Auf dem Symposium stellte TSMC außerdem den A13-Prozessknoten vor. Er ist eine direkte Weiterentwicklung des A14, bietet sechs Prozent Flächenersparnis und ist vollständig rückwärtskompatibel. Produktionsstart: 2029 — ein Jahr nach A14. Bemerkenswert: Weder A13 noch A12 benötigen High-NA-EUV-Lithografie. Intel setzt für seinen 14A-Knoten ab 2027 auf genau diese Technologie.

Im Automobilbereich startet der N3A-Prozess noch 2026 in die Produktion. Mehr als zehn Kundenprojekte stehen bereits an. Für 2028 folgt N2A — der erste Automotive-Knoten mit Nanosheet-Transistoren. Er bietet gegenüber N3A bis zu 20 Prozent mehr Geschwindigkeit bei gleichem Stromverbrauch.

Amkor, Finanzen und Kurs

Amkor Technology arbeitet ebenfalls an einer Packaging-Fabrik in Arizona — mit geplantem Produktionsstart Anfang 2028, also vor TSMC. Beide Unternehmen kooperieren: TSMC-Manager Kevin Zhang bestätigte laufende Gespräche darüber, welche Technologien Amkor für TSMC-Kunden in den USA anbieten kann.

Die finanzielle Basis ist solide. Für das zweite Quartal 2026 erwartet TSMC einen Umsatz zwischen 39,0 und 40,2 Milliarden US-Dollar. Die Bruttomarge soll zwischen 65,5 und 67,5 Prozent liegen. Für das Gesamtjahr peilt das Unternehmen mehr als 30 Prozent Umsatzwachstum an. Die Investitionsausgaben dürften am oberen Ende der angekündigten Spanne von 52 bis 56 Milliarden Dollar landen.

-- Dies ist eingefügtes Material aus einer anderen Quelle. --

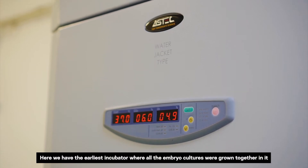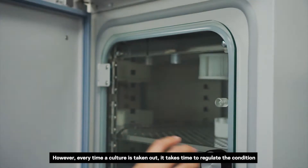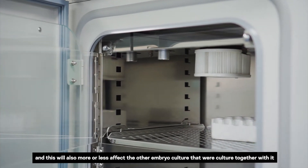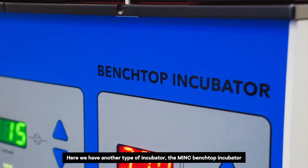Here we have the earliest incubator where all the embryo cultures were grown together in it. However, every time a culture is taken out, it takes time to regulate the condition, and this will also affect the other embryo cultures that were cultured together with it.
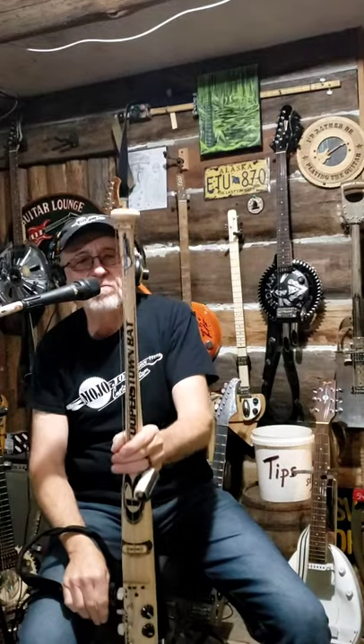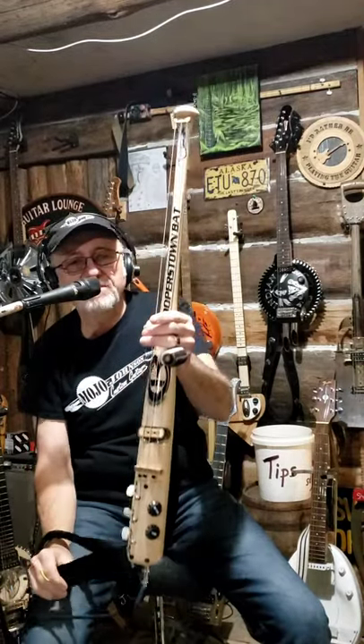Hey, this is Terry Mojo Johnson from Mojo Johnson Guitars and the Swamp Drivers. I make and sell wild guitars at Mojo Johnson Guitars. This one here I'm featuring is a baseball bat with three strings on it.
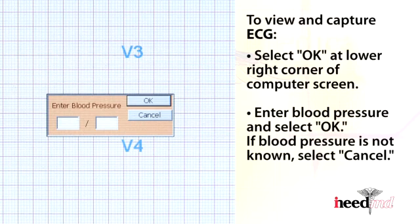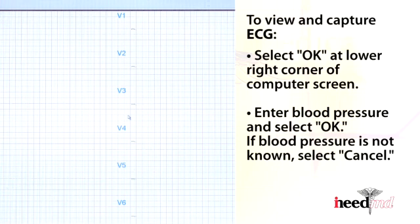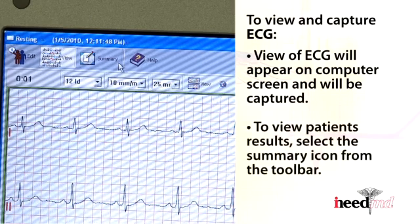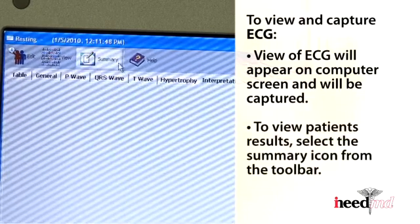Enter blood pressure and select OK. If blood pressure is not known, select Cancel. The view of the ECG will appear on the computer screen and will be captured. To view the patient's results, select the summary icon from the toolbar above.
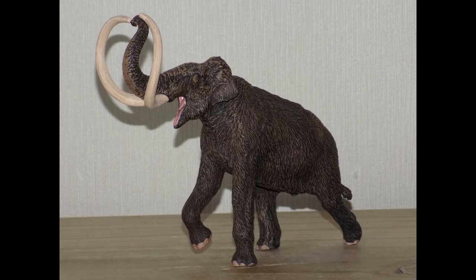Hello YouTube, this is Dragonzilla here. Today I have a figure that I got for Christmas — the Eofauna Scientific Research steppe mammoth. This figure was ordered off eofaunadinosaur.com and I give a special thanks to the website for sending me this lovely figure, and to my parents who ordered it for me. So let's get on to the review.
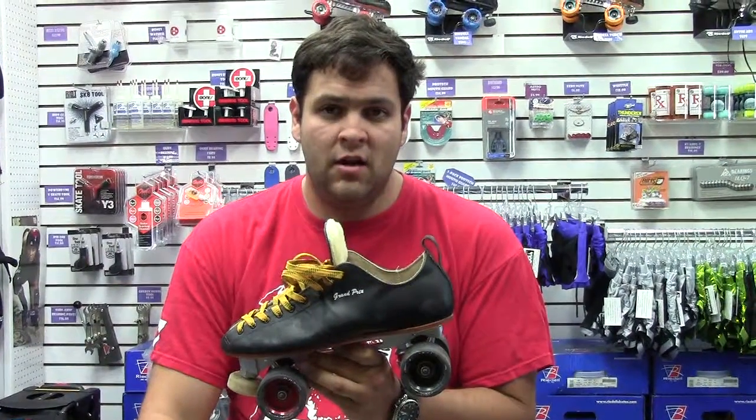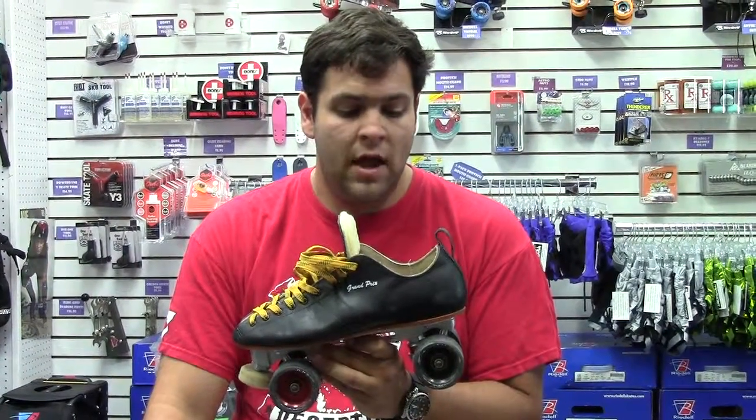I really like this boot. Super comfortable. Low cut — I really like that because I'm an old speed skater and I like the mobility and agility that that offers to my ankle. Very lightweight.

Der Markt hat die Strategie bereits eingepreist. Die TSMC-Aktie notiert auf einem 52-Wochen-Hoch von 402,46 Dollar — ein Plus von fast 50 Prozent seit Jahresbeginn. Ob die Bewertung trägt, entscheidet sich spätestens, wenn die Arizona-Anlagen 2028 und 2029 in den Betrieb gehen und zeigen müssen, ob US-Produktion wirklich skaliert.